As I head into my 30's, the only change that I have noticed is pressure from society to have a baby. Apparently, society has decided that I have reached my childbearing peak. Thanks for letting me know, society! More and more people ask me "when are you and John having kids" and "why haven't you had kids yet?" We have been married for five years and one would think that some expiration date is looming. I also hear "now that you have bought a home, a baby comes next!" Really? The next thing on OUR list is getting a dog and fixing up our yard.
Usually parents, especially Mom's, are the ones to inflict baby pressure. In this case, that is not so. My parents and John's don't ask or say a thing about it. I think there are several reasons for this. One, they have a grandchild/grandchildren. Two, they had kids when they were older than us. My Mom was 33 when I was born and my Dad was 38. John's parents were around the same age.
Others seem to find an occasion, usually a public one, to ask the question or make a statement. I find it very hard to respond respectfully.

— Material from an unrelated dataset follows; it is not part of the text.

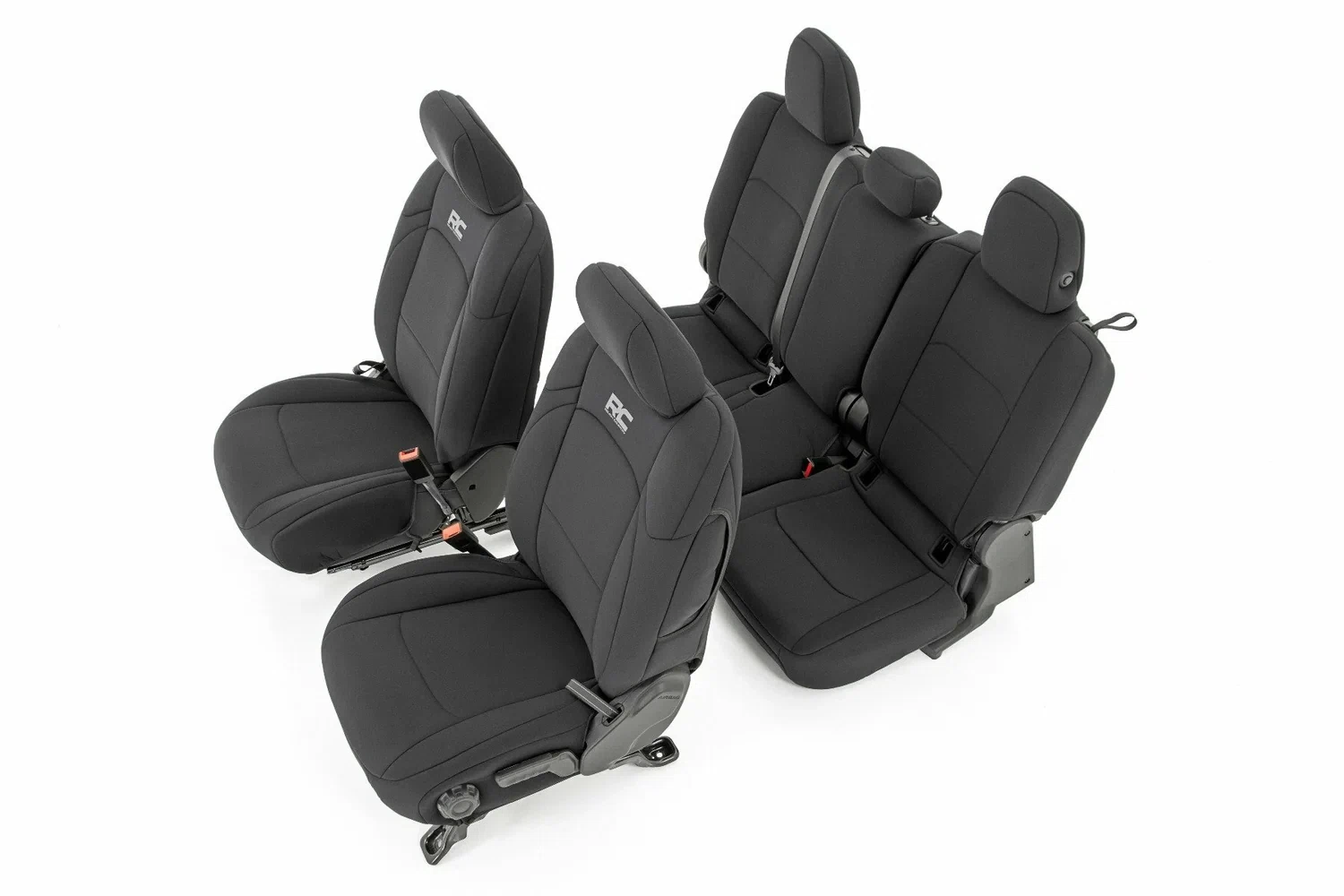 Fits Jeep Gladiator JT 4WD(2020-24) Seat Covers Front and RR No Cup Holder 91034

Recently on Facebook, the following question was posed to me: "Amanda, where are your babies?" My response was, "at the animal shelter." How does one respond to that question? The question itself bothers me. It makes the assumptions that I am having kids and they will be babies. What if that is not the plan? What if I did not want kids? Then I would have to defend and justify my feelings in a public forum. What if we planned on adopting older children? Either way, the question is a bit too blunt for Facebook.
While the question is often asked innocently, people fail to consider that getting pregnant is not always easy. While that is not our situation, I know many people my age who are having trouble getting pregnant. Can you imagine how painful and pressuring that question is for them? They want so much to be parents and it isn't happening. On top of that, society is asking them why they have not had kids. A seemingly innocent question becomes a very painful reminder of their ongoing struggle.

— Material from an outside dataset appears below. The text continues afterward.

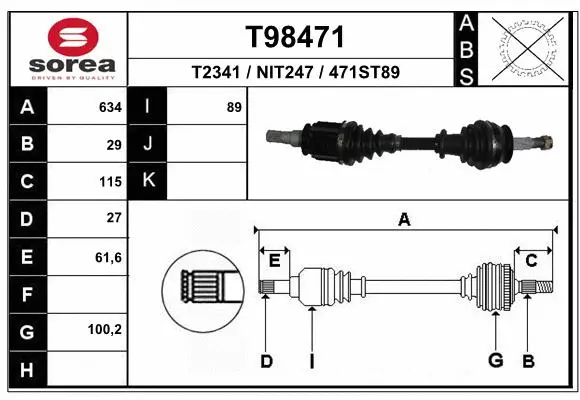Drive Shaft (T98471)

I also know a lot of people who just do not want kids and it works for them. If one knows they do not want to have children, then it is probably a good thing that they do not have them. It is frustrating how they have to justify their feelings to others. They often hear that they are missing out in life and that it is their purpose to have a child. Just because a child is right for one person, does not mean it is right for everyone.

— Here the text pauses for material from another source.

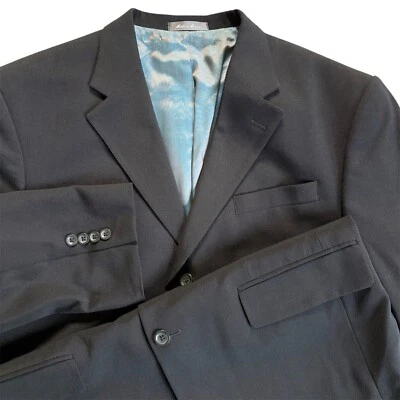 Oscar De La Renta Components size 42R black single breasted wool blend blazer - Image 1 of 4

Fortunately, our good friends never pressure us. I have had discussions with many of my female friends and I do not mind. If you are close to me, I am happy to discuss the topic with you and probably already have. My close friends are intuitive enough to bring up the topic in a more private forum. Many of them feel the same as I do or are currently struggling and realize the need for private discussions.
I am not opposed to people wondering if we are going to have children. It is an ok thing to think about. If you really want to know, you can ask me. Please just use some common sense. Don't ask me on Facebook, over the internet in a manner that others can see, in a crowded public place yelling across a room, etc. I have no issue discussing the topic, but I would rather it not be broadcast for all to hear.
I promise that when we have children, I will let everyone know. For now, we are happy with our beautiful niece and nephews.